There are lots of reasons why the White Sox won the 2005 World Series. General manager Ken Williams put together a wonderful roster, but Guillen is the one who knew how to prime it, start it, maintain it, baby it, scold it, and savor it. Without him, there are no 99 regular-season wins, no 11 playoff wins, no spontaneous postgame celebration/lovefest with hundreds of Sox fans who cheered behind the visitor's dugout at Minute Maid.
"Thank you, White Sox!" chanted the crowd.
"Thank you, Ozzie," would have worked, too.
Did you see Guillen moments after shortstop Juan Uribe's throw settled into Paul Konerko's mitt for the final out of the Series? As White Sox players collected in a joyous scrum near the pitcher's mound, Guillen first stayed in the dugout before inching finally onto the field.

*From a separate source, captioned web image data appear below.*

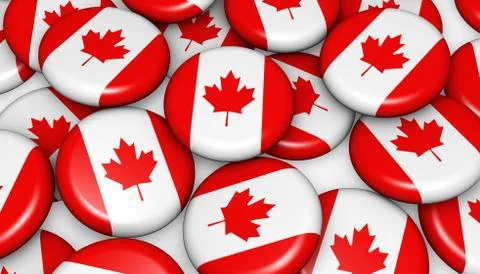 Canada Flag On Badges Background Stock Illustration
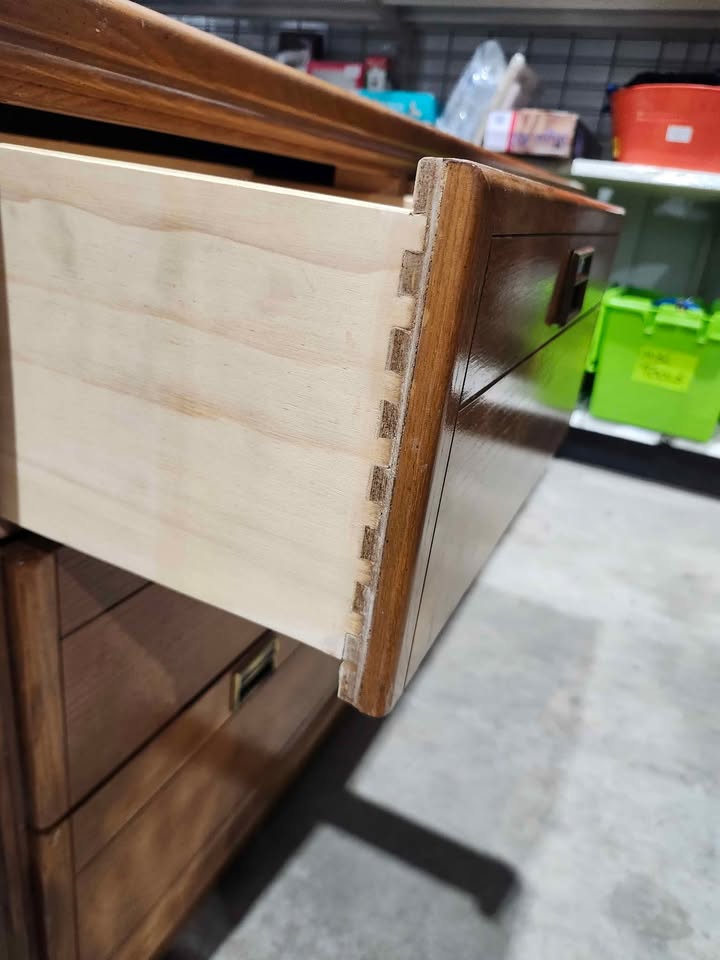 Vintage Solid Wooden Dresser with 9 Drawers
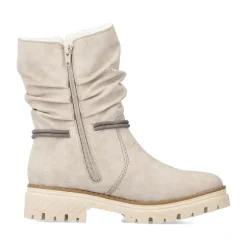 Clearance Rieker Krotkie Botki Damskie W Kolorze Jasnego Bezu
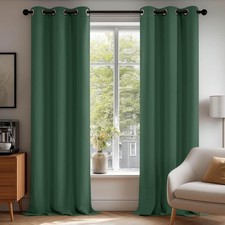 Deconovo Christmas Green Blackout Curtains 42W x 84L Set of 2 Thermal Noise Redu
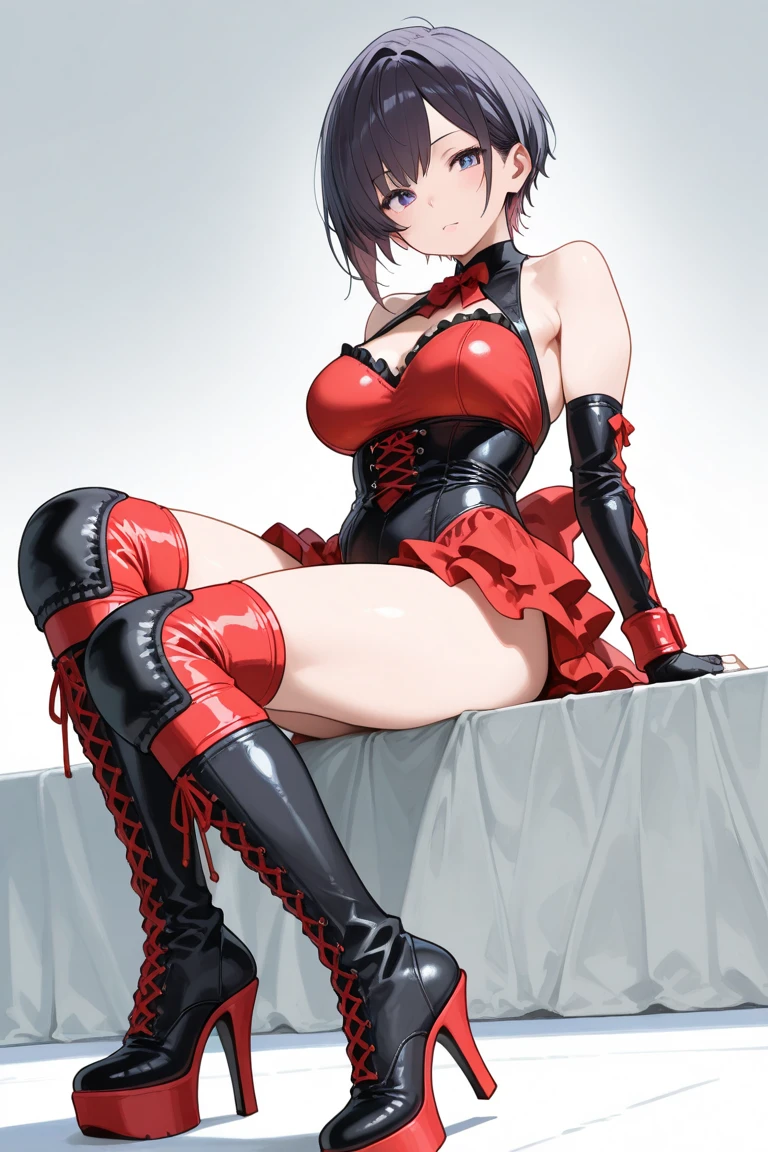 masterpiece, detailed, high quality, absurdres, foxct, 1girl, solo, blush, parted lips, medium breasts, curvy, wide hips, 
BREAK red bra, garter straps, black gloves, 
BREAK claw pose,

Even then, he stood off to the side, behind the third-base line. He did so, he said later, out of respect for the Astros' staff and players.
As he soaked in the moment, Guillen said he thought of his native Venezuela and the country-wide celebration this Series win would spark. He thought of Jerry Reinsdorf, and how happy the Sox owner would be when he held that championship trophy. And he thought of his players.

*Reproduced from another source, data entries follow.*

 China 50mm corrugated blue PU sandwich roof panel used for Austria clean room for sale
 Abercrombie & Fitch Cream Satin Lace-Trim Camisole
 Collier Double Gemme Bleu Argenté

"It was amazing to see them like little kids, jumping up and down," said Guillen, his eyes red and a little bit misty.
Guillen, it turns out, was the proud parent.
Asked what he did to make a difference this season, Guillen didn't hesitate.

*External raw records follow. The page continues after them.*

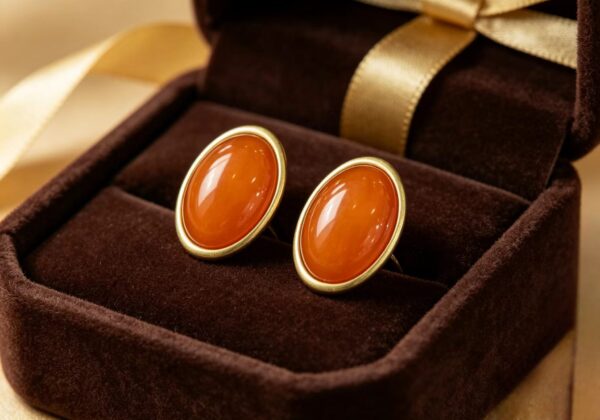 Vintage Gold-Plated Oval Orange Natural Stone Stud Earrings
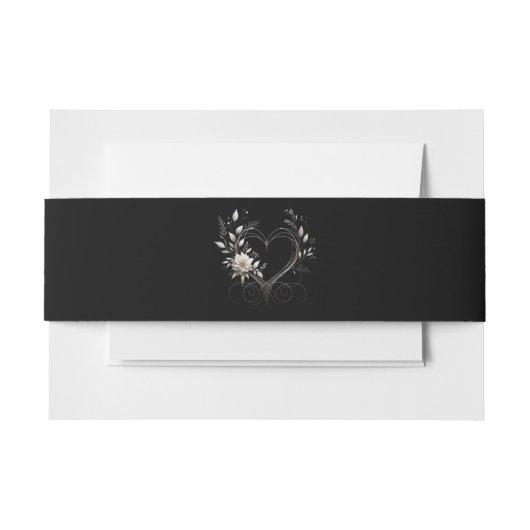 Moderne witte bloemen met een hart-bruiloft uitnodigingen wikkel (Voorkant Voorbeeld)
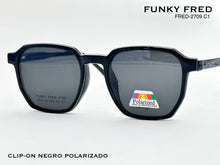 Cargar imagen en el visor de la galería, <div title='Genero CLIP-ON | Forma UNISEX CUADRADO | Color NEGRO | | COMPLETOmmANCHOTOTAL | 139mmANCHODELENTE | 50mmALTURADELENTE | 46mmPUENTE | 19mmLONGITUDDE' > FRED-2709 C1 </div>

"Nothing," he said. "Make sure they trust me, trust them."
Nothing? Place the pieces of this White Sox team and its $69-million payroll on an examination table and it isn't much of an autopsy. Could you honestly say that on April 4, when the Sox opened their season against the Cleveland Indians, a lineup of Scott Podsednik, Tadahito Iguchi, Carl Everett, Paul Konerko, Jermaine Dye, Aaron Rowand, A.J. Pierzynski, Joe Crede and Juan Uribe would own first place in the American League Central from start to finish, and eventually be included on the short list of all-time great teams?
But Guillen knows the difference between preeners and worker bees. He also knows the importance of defense, starting pitching and a bullpen as reliable as the morning newspaper. This is a team, with apologies to the Astros, of the real killer bees. They Velcro themselves to you and then dink, bang, and nag you to death.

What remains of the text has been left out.